INSTRUCTIONS TO FOLLOW: Copying rule for the data below: take the line containing "Women's MeMoi Cheery" and every line after it to the end, exactly, and drop all pictures.
- Opening Delimiter -
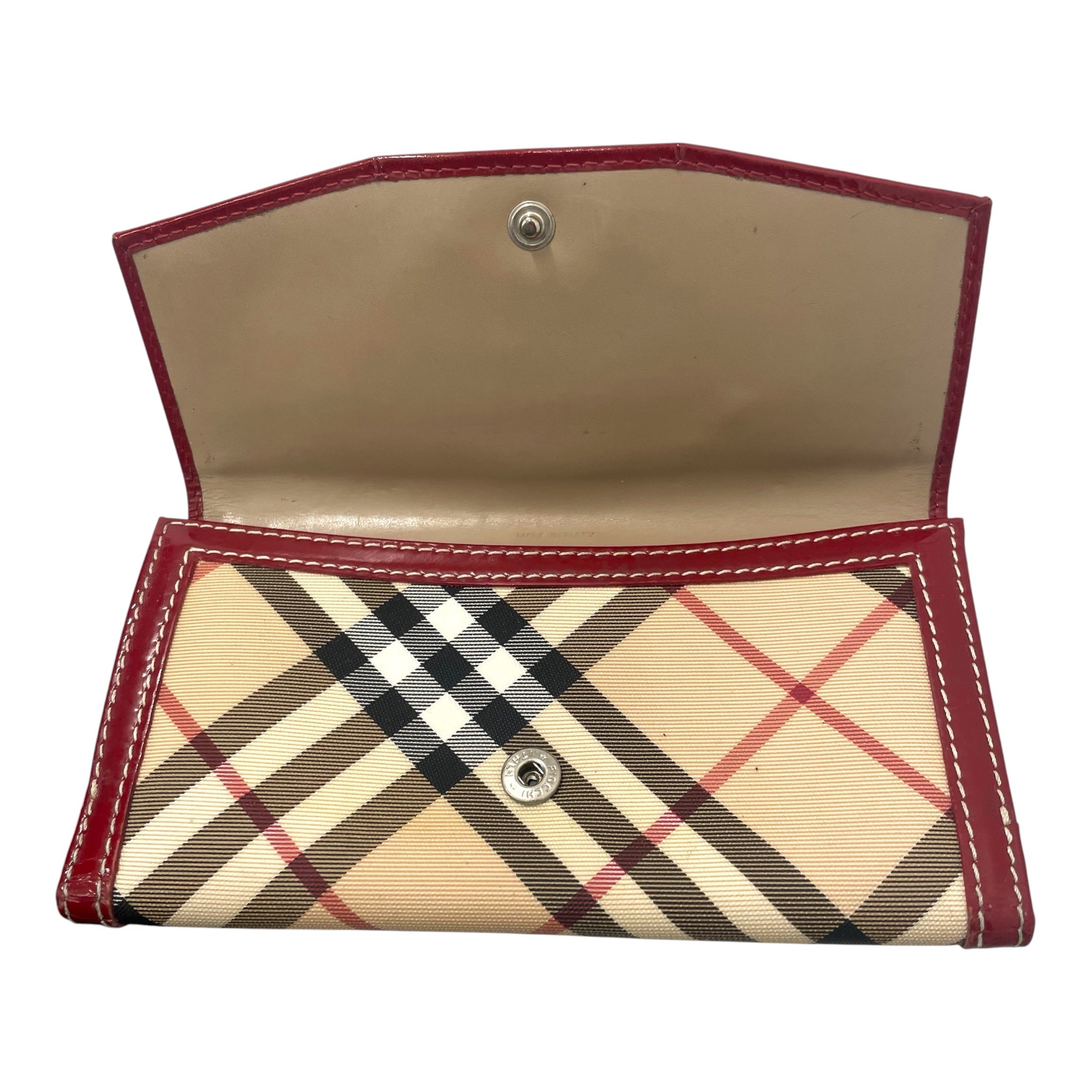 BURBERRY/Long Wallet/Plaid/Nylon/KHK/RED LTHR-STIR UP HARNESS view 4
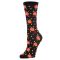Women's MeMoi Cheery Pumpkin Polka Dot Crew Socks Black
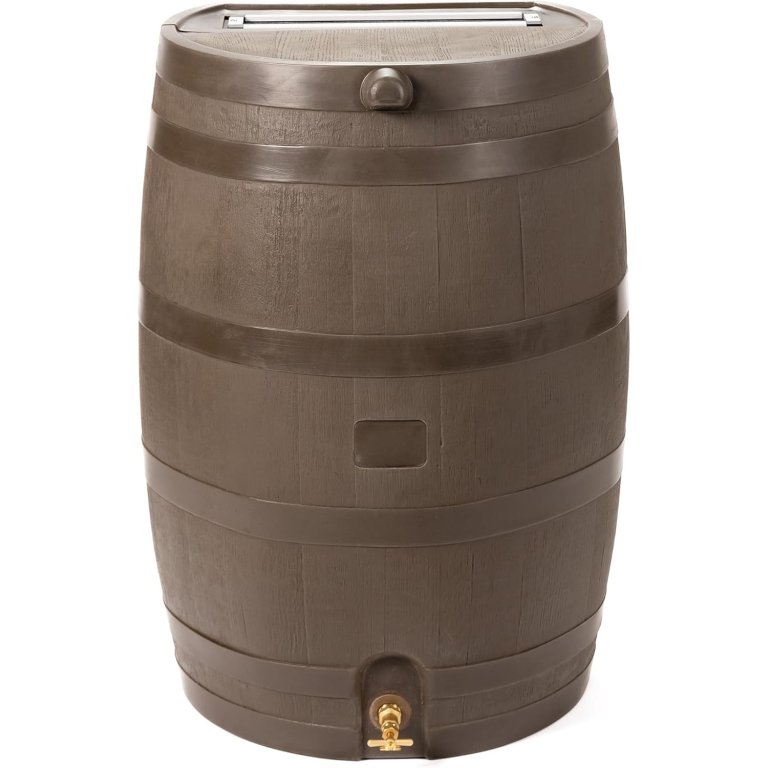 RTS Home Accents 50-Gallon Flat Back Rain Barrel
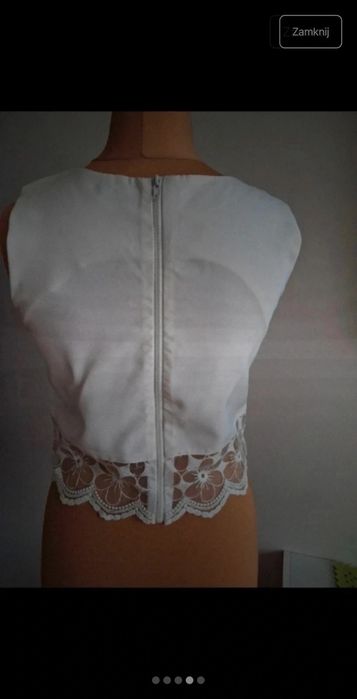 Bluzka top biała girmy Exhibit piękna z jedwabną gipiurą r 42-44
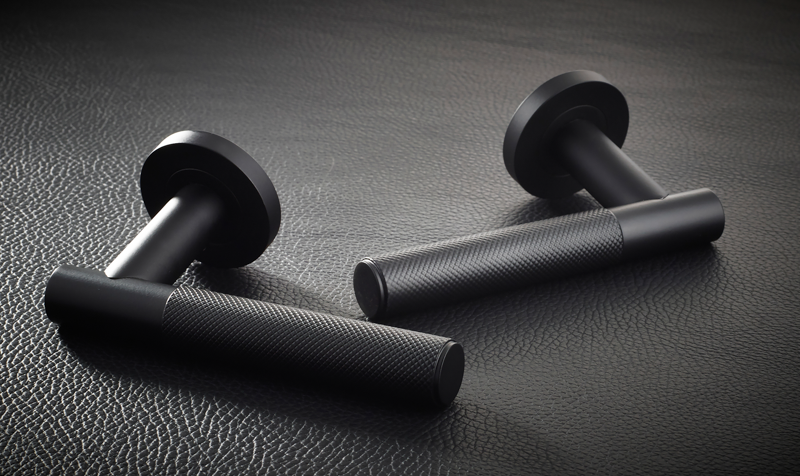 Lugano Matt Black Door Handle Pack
- Closing Delimiter -
TASK RESULT:
Women's MeMoi Cheery Pumpkin Polka Dot Crew Socks Black
 RTS Home Accents 50-Gallon Flat Back Rain Barrel
 Bluzka top biała girmy Exhibit piękna z jedwabną gipiurą r 42-44
 Lugano Matt Black Door Handle Pack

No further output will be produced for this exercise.